▸ **Assignment**
Write out, exactly and in full, the line where "Concentric Circle Geometry" appears together with all lines that follow it in the entries below. Do not include pictures.

Items from a data source
=-=-=

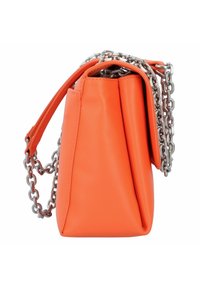 Borsa a tracolla in faux leather arancione con forma strutturata, dotata di una tracolla in catena argentata e design a pattina. Texture liscia e stile minimalista.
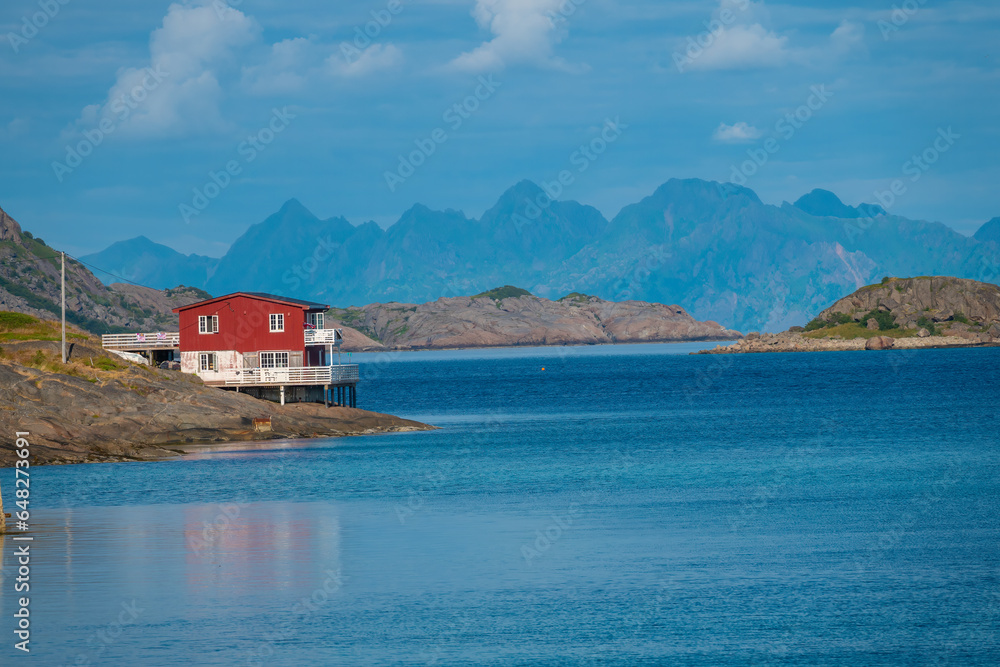 Fototapeta premium The popular fishing village of Henningsvaer on the southern coast of the Austvågøya island, Lofoten Islands, Nordland, Norway
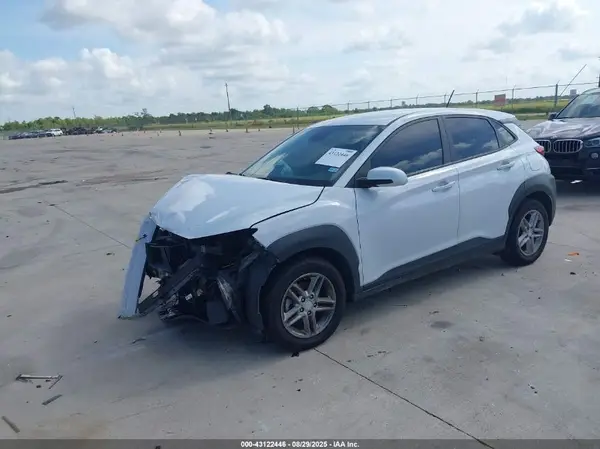 KM8K12AA0MU639143 2021 HYUNDAI KONA - Image 2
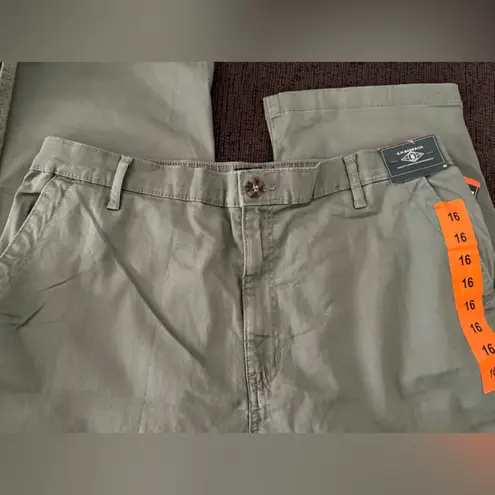 G.H. Bass & Co • Women's Chino Ankle Pant • Stretch Cotton Blend • Green Size 16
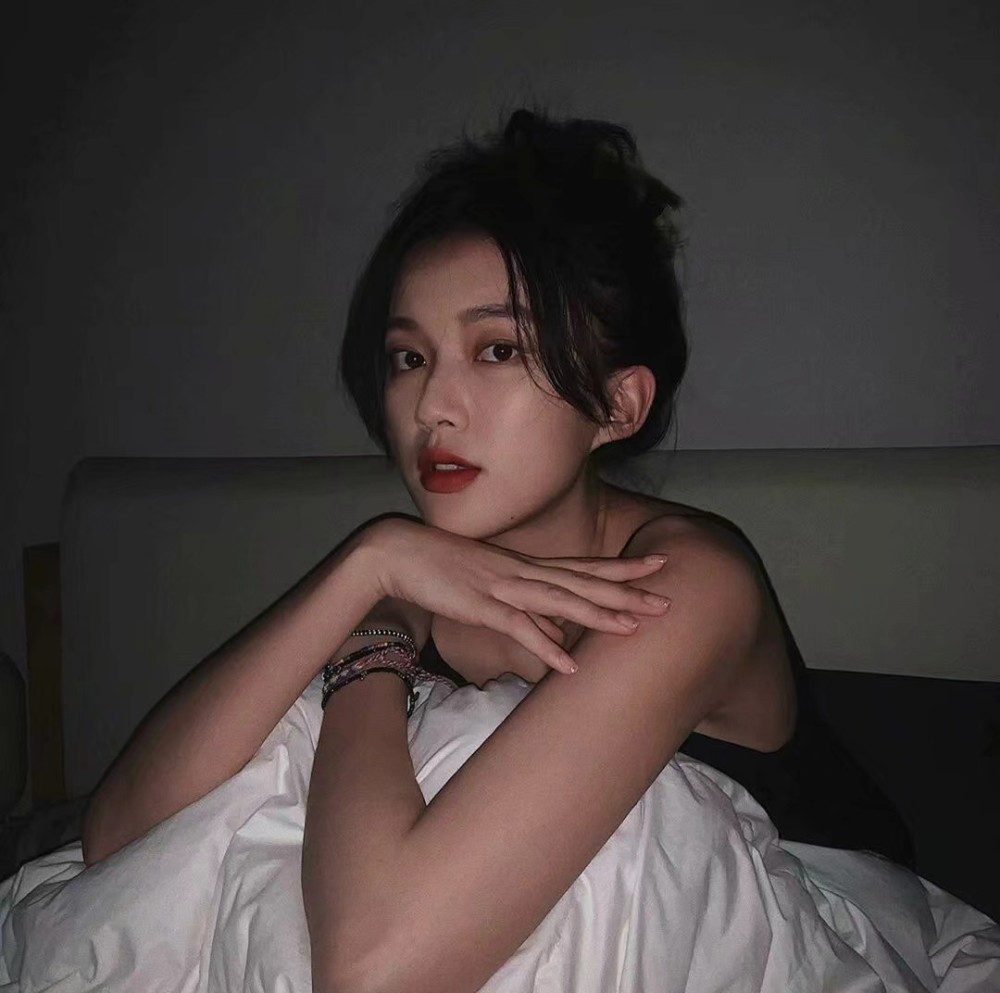 1113美女头像好久不见你瘦了一大圈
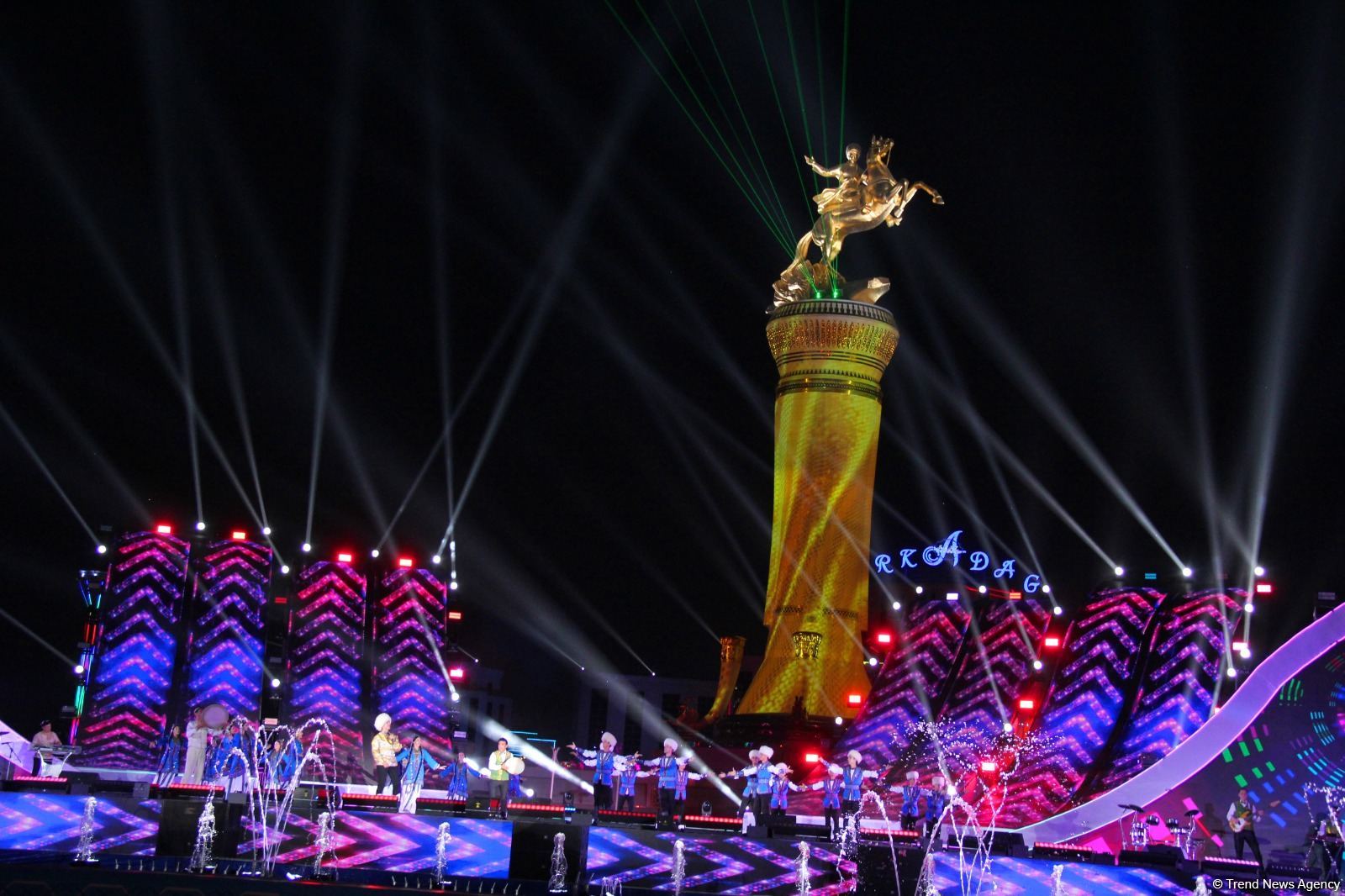Turkmenistan’s Arkadag city hosts grand concert dedicated to opening of country's first "smart" city (PHOTO)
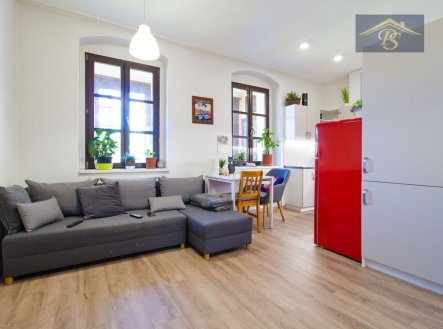 Pronájem bytu, 2+kk, 57 m²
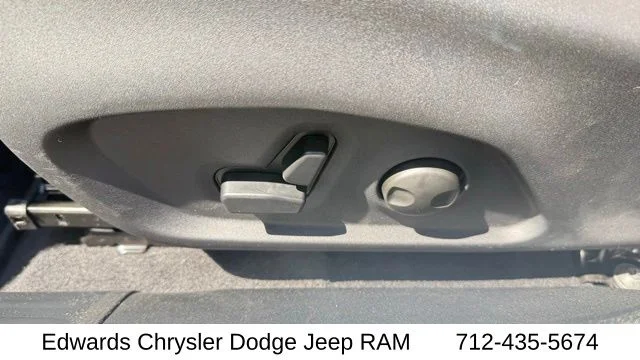 New 2026 Black Jeep Latitude image 17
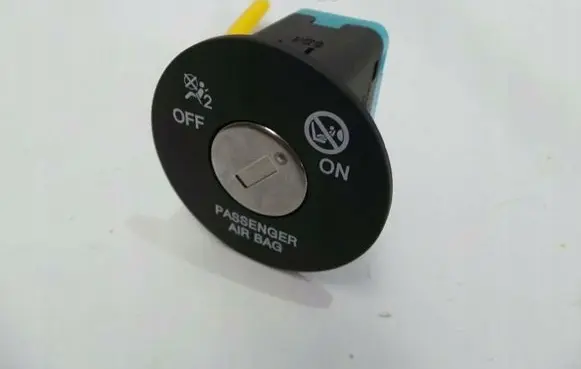 Passenger airbag on/off switch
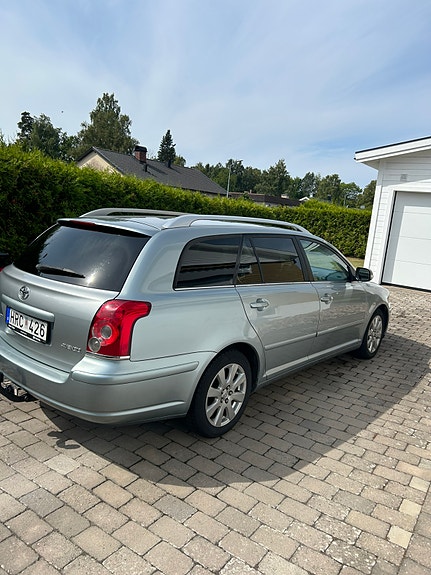 Toyota Avensis 2 of 5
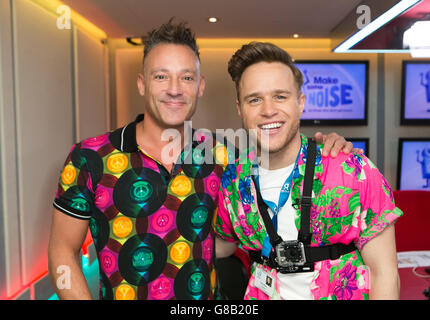 Olly Murs e il presentatore della radio cardiaca Toby Antis (a sinistra) che partecipa al Global's Make Some Noise Charity Day presso la stazione radio globale di Leicester Square, Londra. Foto Stock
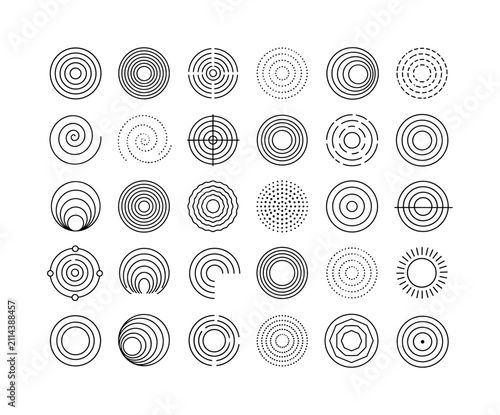 Concentric Circle Geometry line icon set, 30 clean outline icons showing concentric rings, ripple circles, halftone round marks, spiral waves, radial targets, optical rings, geometric tunnels, modern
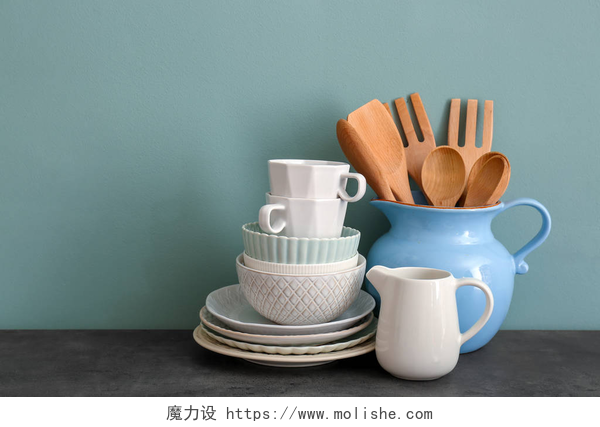 蓝色背景墙的各种厨房餐具餐桌餐具餐具套装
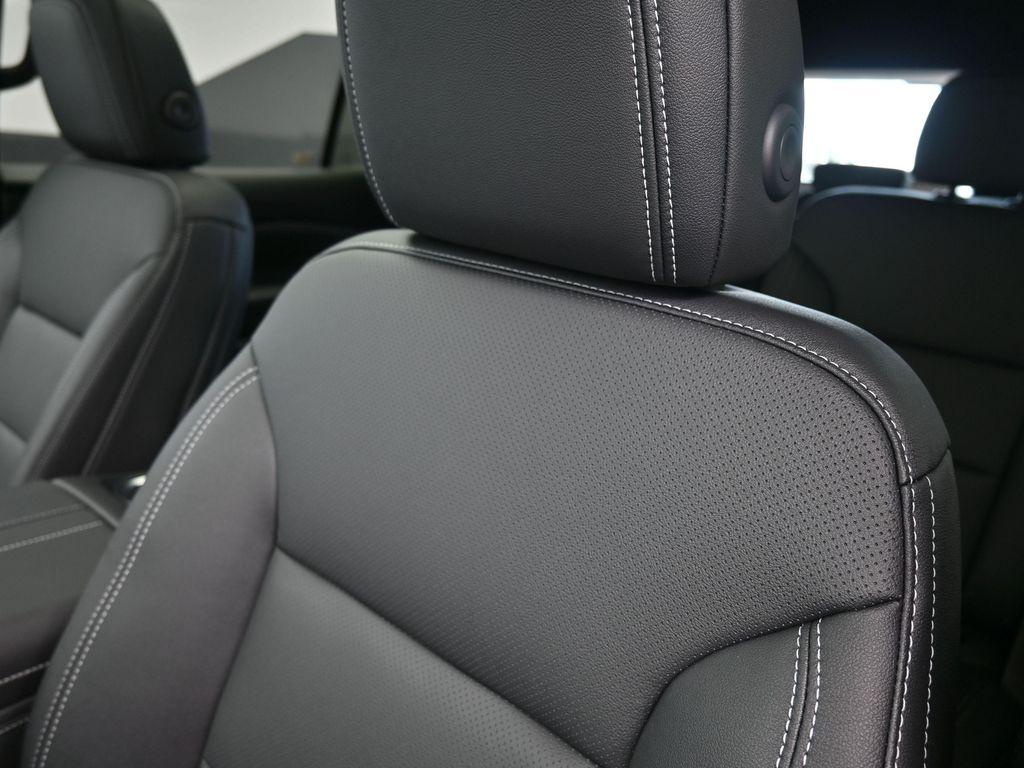 new 2026 Chevrolet Traverse car, priced at $47,715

=-=-=

▸ **Written answer**
 Concentric Circle Geometry line icon set, 30 clean outline icons showing concentric rings, ripple circles, halftone round marks, spiral waves, radial targets, optical rings, geometric tunnels, modern
 蓝色背景墙的各种厨房餐具餐桌餐具餐具套装
 new 2026 Chevrolet Traverse car, priced at $47,715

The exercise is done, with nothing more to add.